Gerek idareciler ve gerekse uzmanlar da aslında bu konuda ittifak etmiş durumda. Bu noktada Türkiye’nin AB yolculuğu da hukuk ve adalet yolunda ilerlemek için bir vesile ve vasıta durumunda.
Günaşırı AB yöneticileri ile medya üzerinden atışmalar yapılsa da öte yandan çarenin bu yolculukta, hem de ‘tam üye’lik hedefinde olduğu söyleniyor. AB Bakanı Ömer Çelik’in Brüksel’de Avrupa Birliği Komisyonu Birinci Başkan Yardımcısı Frans Timmerman ve AB Komisyon Başkan Yardımcısı Federica Mogherini ile görüştükten sonra yaptığı tesbitler buna delil sayılabilir. Bakan Çelik şöyle demiş: “Bu gün gözüken tablo, Türkiye-AB ilişkilerinde daha pozitif bir tablonun -ama hızlı ve güçlü adımlar atarak- ortaya çıkartılması, bu işbirliğinin daha güçlü hâle getirilmesi şeklindedir.
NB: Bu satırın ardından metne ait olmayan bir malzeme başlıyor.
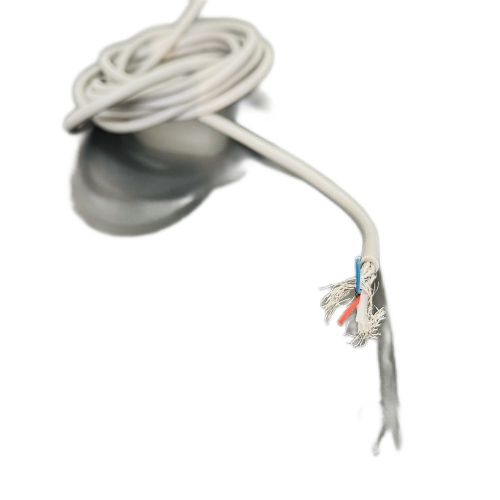bte365(�й�)Ψһ�ٷ���վ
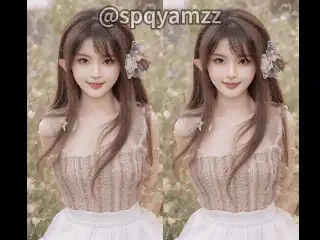 有撸点 明星 美女 自慰 图生视频 第五十七弹【21p21v+60mb】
Bu kadar kriz varken, etrafımızda bu kadar yönetilmesi gereken mesele varken, Türkiye’nin bu önemli rolüyle, AB arasındaki yakınlaşma pek çok krizin çözümünde son derece olumlu sonuçlar doğuracaktır ve herkes için faydalı sonuçlar üretecektir. Bunun için bu zirve [AB ile Türkiye arasında] bir an önce yapılmalıdır. Ayrıca Türkiye’nin kesinlikle tam üyelik dışında bir perspektife bakmayacağına değindik. Türkiye aday bir ülkedir, tam üyelik dışında bize başka bir şey teklif bile edilemez.” (DHA, 25 Ocak 2018)
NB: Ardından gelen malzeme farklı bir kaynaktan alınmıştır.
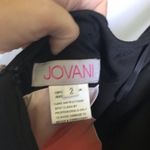 Jovani  prom pageant‎ dress Photo 1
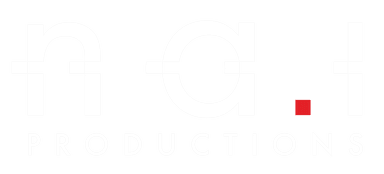 NAI Productions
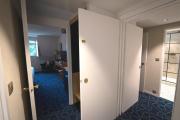 Hostellerie Cèdre & Spa Beaune
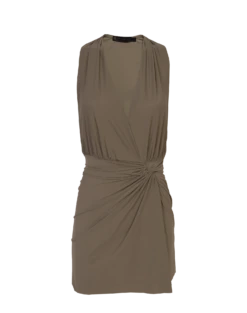 Karina Mini Cover Up - Pistachio 10 Karina Mini Cover Up - Pistachio -FemmeFab Shop pistachio karina coverup flat 87433580 10fd 4a3f b3ef 82055bb2b474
Miting meydanlarında dile getirilen ve alkışlanan “AB bize yalvarsın. Üye olmak mecburiyetinde değiliz. AB kim oluyor? ‘Kopenhag Kriterleri’nden bize ne? Ankara Kriterleri der yolumuza devam ederiz. Biz değil, asıl AB bize muhtaç” mealindeki sözler bu açıklama ile örtüşür mü?
Şunu bilmek icâb eder ki asıl gerçek, AB Bakanının açıkladığı tablo gibidir. Yani AB üyeliğinde milletin ve memleketin menfaati vardır. Bu yolculuktan AB’nin de menfaati olması neticeyi değiştirir mi?
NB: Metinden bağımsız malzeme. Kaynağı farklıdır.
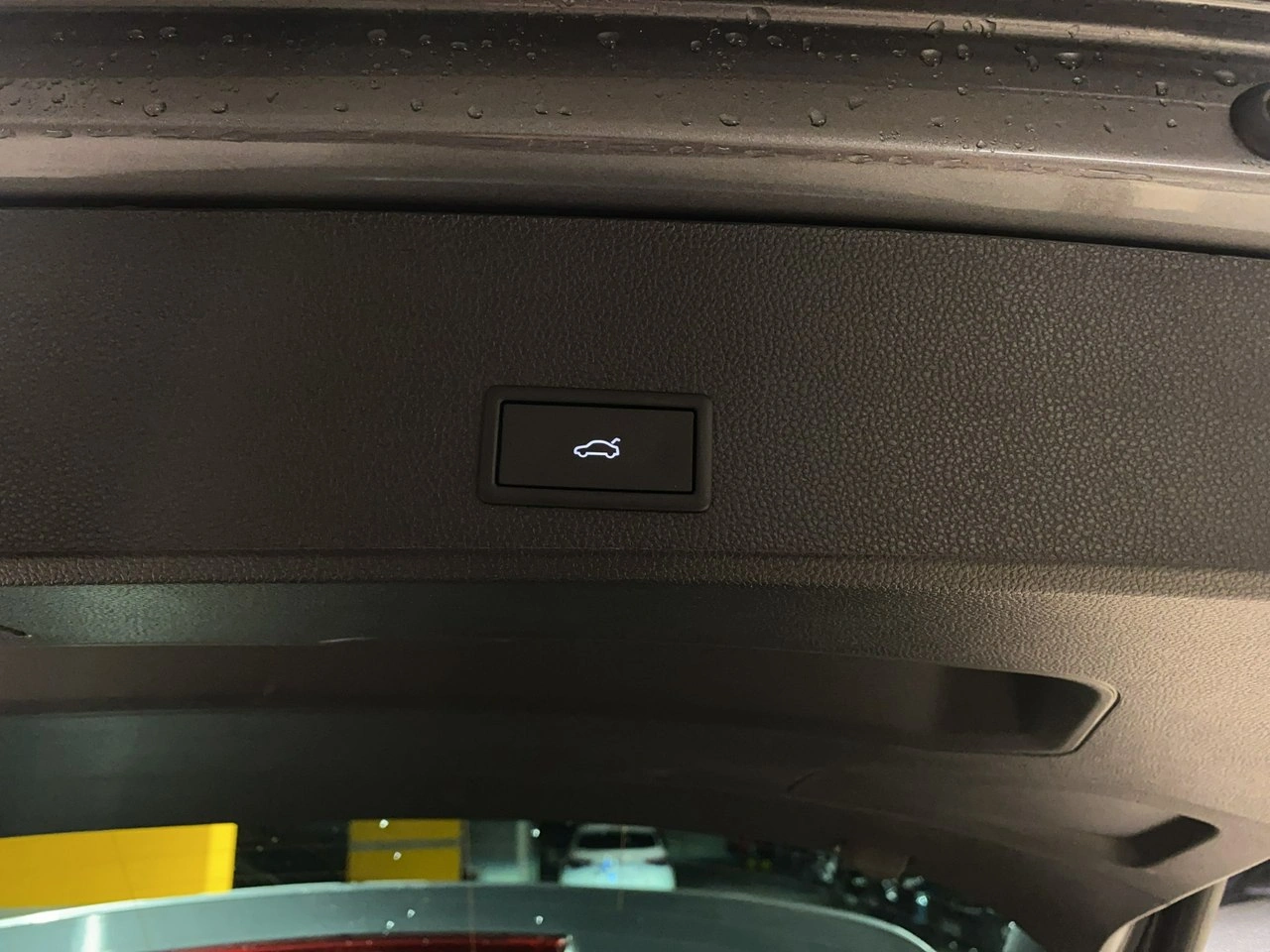 Cupra Ateca - Zdjęcie 18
TÜSİAD Ekonomik Araştırma Forumu ile Koç Ünivesitesi işbirliğiyle düzenlenen “2018 Yılında Türkiye Ekonomisi” başlıklı konferansın açılışında konuşan TÜSİAD Genel Sekreteri Bahadır Kaleağası da benzer tesbitler dile getirmiş.
Türkiye’nin AB üyelik müzakereleri ile Avrupa değer ve standartlarına uyum sürecinin hızlandığını ve uluslar arası siyasal ve ekonomik gücünün yükseldiğini dile getiren Kaleağası, “AB, en önemli demokratik değer ortaklığıdır. En önemli yatırım, ticaret, turizm, teknoloji, sosyal kalkınma iş birliği ve mevzuat standardı kaynağımızdır. Türkiye ne kadar AB sürecinde ilerleyen bir ülke olursa, o kadar Çin’den Körfez’e, Amerika’ya dünyanın diğer bölgeleri için siyasal açıdan etkili, ekonomik açıdan câzib olmaktadır. Simetrik olarak, dünyada etkili bir Türkiye Avrupa’da da daha etkili bir ülke olmaktadır. Bu denklemi güçlendiren her gelişme millî menfaatlerimize hizmet eder, aksi ise ülkemizin karşıtları ve rakiplerini sevindirir. Bu nedenle, dış ilişkilerimizde iyileşmeyle beraber, Türkiye’nin AB üyeliği perspektifinde kararlılıkla yol alması, Gümrük Birliği’nin güncellenmesi ve hızla derinleşmekte olan Avrupa enerji politikalarına ve Avrupa dijital tek pazarına uyum mutlak bir önem arz etmektedir.” (AA, 26 Ocak 2018)
Boş hamaset uğruna AB ile köprüleri atmak için hazırda bekleyenlerin “millî menfaatler”den bahsetmesi ne kadar gerçeklerden uzak olduğu görülsün. Milletin ve memleketin menfaatleri; hak, hukuk ve adalet yolculuğundadır. Niyet bu olsun ve iyi niyetle ve kararlılıkla çalışılsın.